MODES FOR CARRYING OUT THE INVENTION
[0058] Hereinafter, embodiments of the present invention will be
described with reference to the drawings.
Embodiment 1
[0059] A concentrating optical member and a concentrating solar
power generation module according to the present embodiment will be
described with reference to FIGS. 1 to 3.
[0060] FIG. 1 is a cross-sectional view showing a schematic
configuration of a concentrating optical member and a concentrating
solar power generation module according to Embodiment 1 of the
present invention. FIG. 2 is a plan view of the concentrating
optical member shown in FIG. 1 as viewed from the side on which
sunlight is incident.
[0061] A concentrating optical member 50 according to the present
embodiment can be applied to a solar cell 10 that generates power
using sunlight Lsa concentrated onto a solar cell element 11, and
is configured to concentrate sunlight Lsa onto the solar cell
element 11. The solar cell element 11 is mounted on a receiver
substrate 20. The configuration of the solar cell 10 will be
described in further detail in Embodiment 3.
[0062] A concentrating solar power generation module 40 according
to the present embodiment includes the solar cell 10 and the
concentrating optical member 50. The concentrating optical member
50 is configured so as to exactly face the sun by the action of a
sun-tracking mechanism (not shown). Accordingly, sunlight Ls enters
the concentrating optical member 50 perpendicularly (in the
direction parallel to the optical axis Lax) as sunlight Lsv. The
concentrating optical member 50 is also configured to concentrate
sunlight Lsa, which is refracted sunlight Lsv, onto the solar cell
10 (the solar cell element 11).
[0063] Specifically, the sunlight Lsa is obtained by concentrating
sunlight Lsv that is incident parallel to the optical axis Lax of a
first optical member 51 from a direction perpendicular to the first
optical member 51 toward a direction of the solar cell element 11.
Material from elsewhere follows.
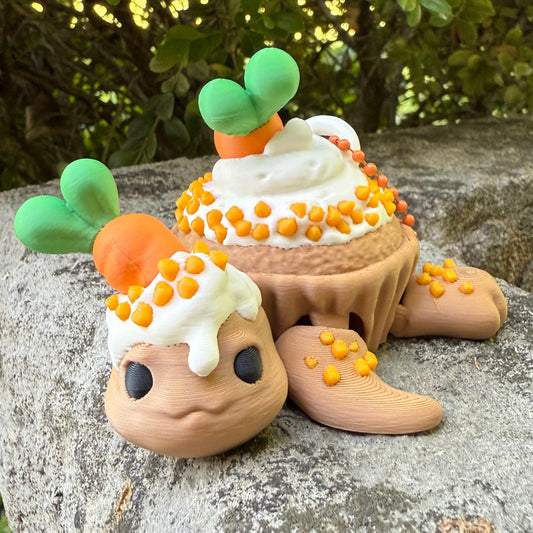 Carrot Cupcake Turtle Keychain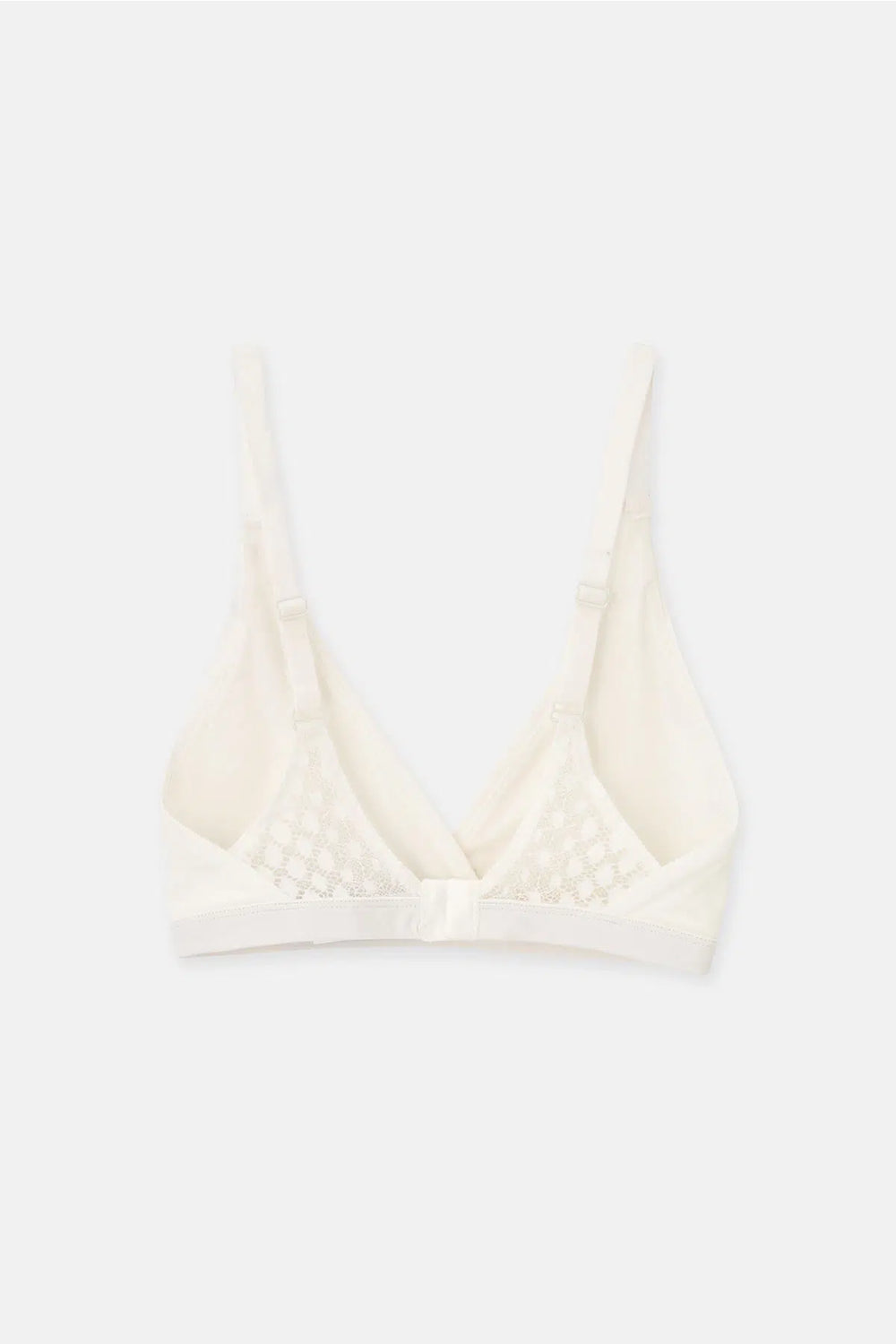 Ekru Micromodal Kruvaze Arkası Dantel Detaylı Üçgen Soft Bra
Hereinafter, the sunlight Lsv and the sunlight Lsa are referred to
simply as sunlight Ls, where it is unnecessary to distinguish
them.
[0064] The concentrating optical member 50 includes the first
optical member 51 having a first refractive index that is disposed
on the side on which sunlight Ls is incident and a second optical
member 52 having a second refractive index that is disposed on the
side on which the solar cell element 11 is located. The first
refractive index and the second refractive index have different
values. In other words, the concentrating optical member 50 has a
configuration in which the first optical member 51 and the second
optical member 52 are laid over one another.
[0065] Accordingly, sunlight Ls that has passed through the first
optical member 51 is converged toward the solar cell element 11 by
the second optical member 52, and therefore the spacing (working
distance Wd of the concentrating optical member 50) between the
concentrating optical member 50 and the solar cell element 11 can
be shortened, as a result of which the property of concentrating
sunlight Ls can be improved, and a concentrating optical member 50
with which it is possible to provide a small and thin concentrating
solar power generation module 40 can be obtained.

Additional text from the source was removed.